Attraverso le impressioni olfattive, Montaigne arriva a leggere dentro le
persone, intuendo temperamento, abitudini e umori. Per esempio, disapprova
l’abuso di profumi artificiali, perché mascherano la verità e sono sintomo di
mancanza di pulizia, quindi chi profuma troppo, in realtà, puzza. I suoi folti
baffi, oltretutto, non lo tradiscono mai e gli sono complici nell’imprimere
sensazioni gustative e olfattive essenziali, soprattutto in amore. Scrive,
infatti, che “gli appassionati baci della
gioventù, saporosi, ghiotti e appiccicaticci, un tempo vi s’incollavano e vi
restavano per molte ore.” Inoltre, Montaigne sottolinea come “il più squisito profumo di donna è non
avere alcun odore, così come il miglior odore delle sue azioni è che esse siano
impercettibili e tacite.” Se da un punto di vista ideale, la donna
dev’essere inodore, Montaigne apprezza certi aromi delicati, come quelli che
usavano le ragazze di Scizia. Esse, infatti, “dopo essersi lavate, spargevano e ricoprivano tutto il corpo con una
certa droga odorosa che nasce nel loro paese; e al momento di avvicinare gli
uomini, la toglievano per essere lisce e profumate.”
Con
l’età, forse, il sapore tumido dei baci e le sensuali fragranze femminili
cambiano per Montaigne ma altri effluvi verranno da lui assorbiti e studiati
con altrettanta meticolosa passione.
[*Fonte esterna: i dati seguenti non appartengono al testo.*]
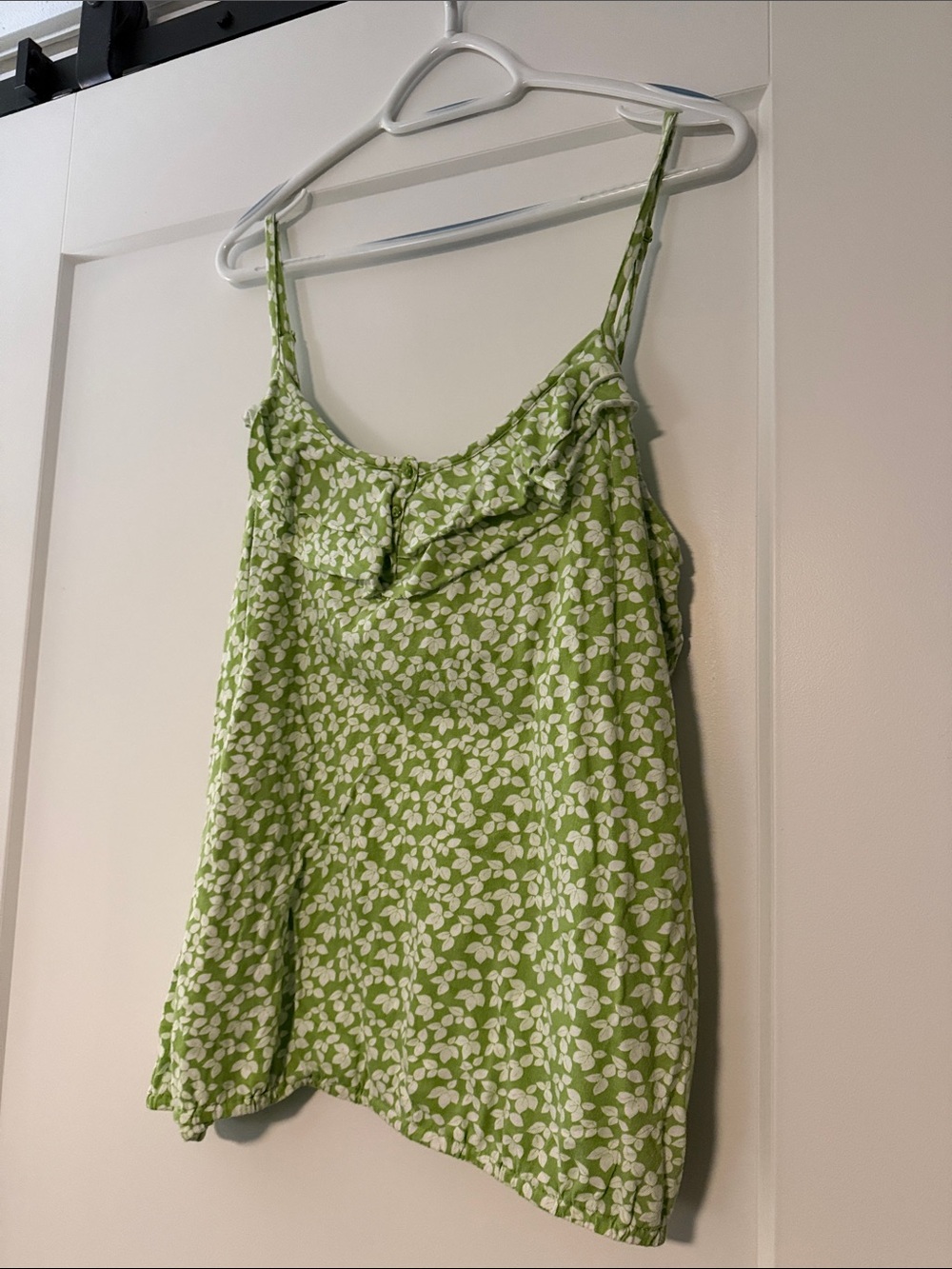 Lane Bryant Green and White Floral Ruffle Cami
Per esempio, egli nota come l’utilizzo
dell’incenso durante i riti religiosi sia fondamentale per purificare i sensi e
indurre alla contemplazione. Allo stesso modo, rimpiange di non possedere
l’arte di aromatizzare i cibi di cui certi cuochi son mirabilmente dotati.
Insomma,
“annusare il più possibile” sempre e
ovunque, per esplorare tutto ciò che appartiene alla vita: questa sembra essere
la missione umanista sottesa alla saggezza di Montaigne, il quale fa del
proprio naso e del proprio palato un unico prezioso strumento di conoscenza e
di profondo godimento.
Il
filosofo assaggerà la vita fino all’ultimo respiro quando, ironia della sorte,
un ascesso alla lingua gli impedirà di parlare per tre sofferti giorni. “Non mi fa piacere essere malato ma se lo
sono, voglio saperlo, voglio sentirlo” scrive, mentre, disteso nel letto
della sua casa, gli amici più cari gli rendono le ultime commosse visite. Si
dice che abbia affrontato la morte con una serenità naturale, non piantando
cavoli come avrebbe desiderato, ma scrivendo in conclusione dei “Saggi” che era semplicemente giunto il
momento di raccogliere le sue cose e far fagotto.
E’ il 13 settembre del 1592, il giorno in cui Montaigne deve aver
annusato l’unico profumo a lui ancora sconosciuto, quello della morte, che come
un ultimo bacio s’è posato morbidamente sui suoi baffi stanchi, senza concedergli
il tempo di ricambiare, né di poterlo raccontare.